Only text is carried over. Reproduce the entries below exactly.

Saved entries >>

== Segment start ==

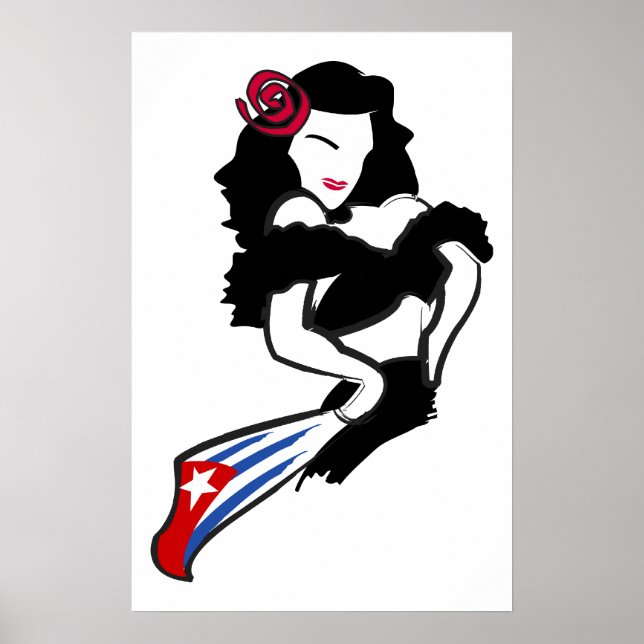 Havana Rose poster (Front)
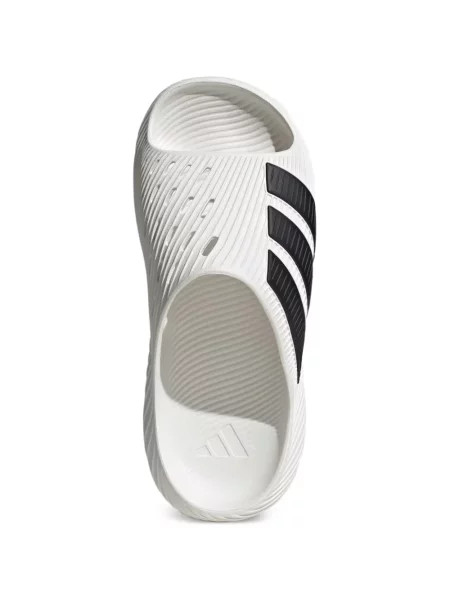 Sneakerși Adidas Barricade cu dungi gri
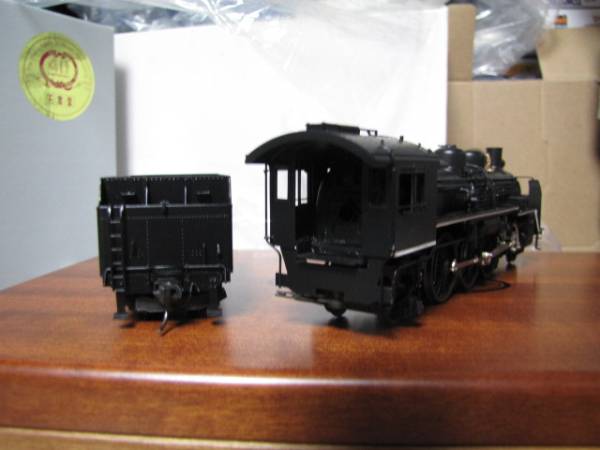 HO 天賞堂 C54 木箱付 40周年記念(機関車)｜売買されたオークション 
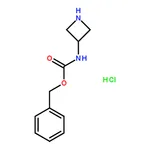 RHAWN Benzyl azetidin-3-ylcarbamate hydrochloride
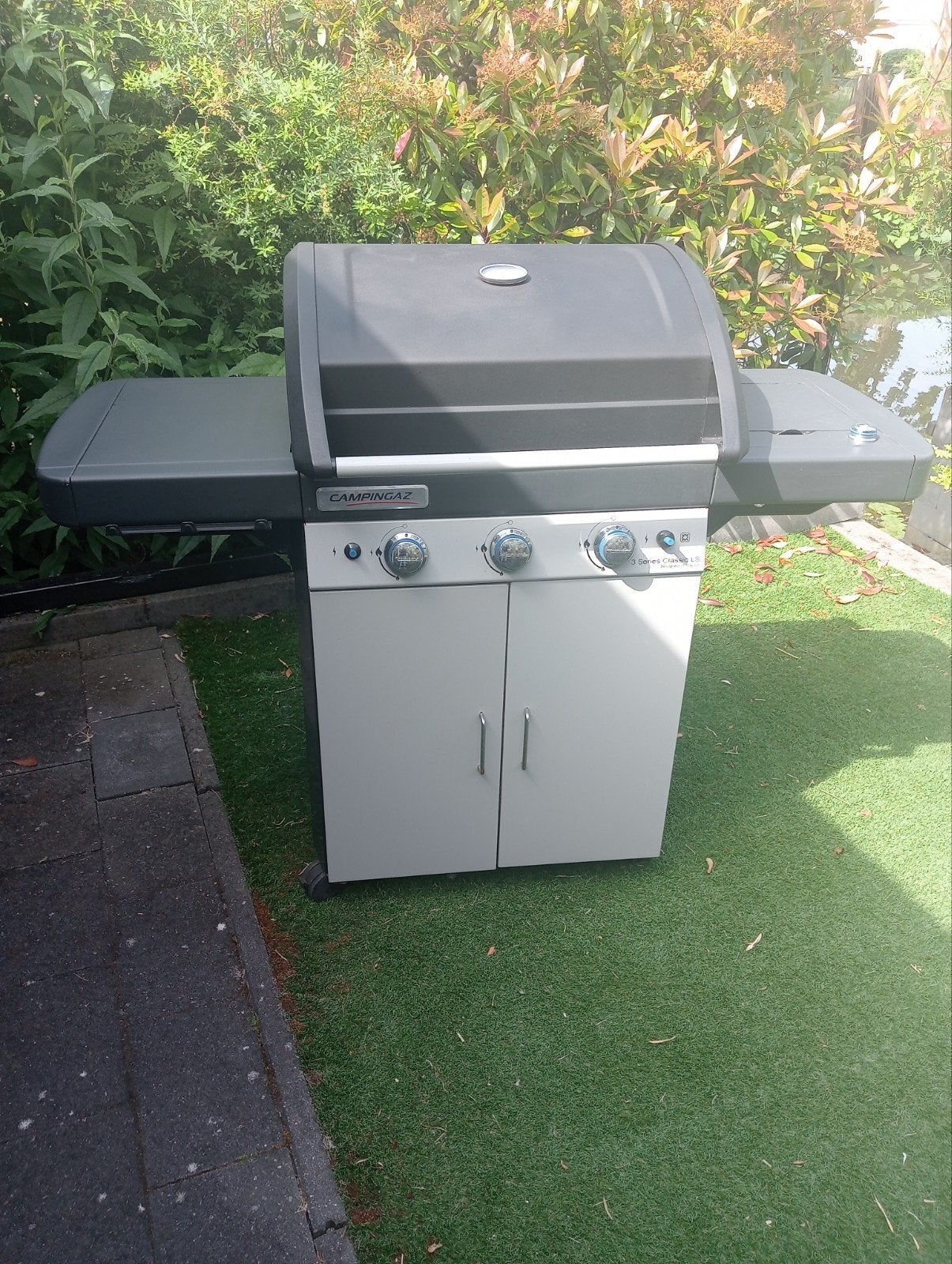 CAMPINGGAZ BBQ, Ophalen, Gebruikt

== Segment end ==

RESPONSE TO THE EXERCISE >>
 Havana Rose poster (Front)
 Sneakerși Adidas Barricade cu dungi gri
 HO 天賞堂 C54 木箱付 40周年記念(機関車)｜売買されたオークション 
 RHAWN Benzyl azetidin-3-ylcarbamate hydrochloride
 CAMPINGGAZ BBQ, Ophalen, Gebruikt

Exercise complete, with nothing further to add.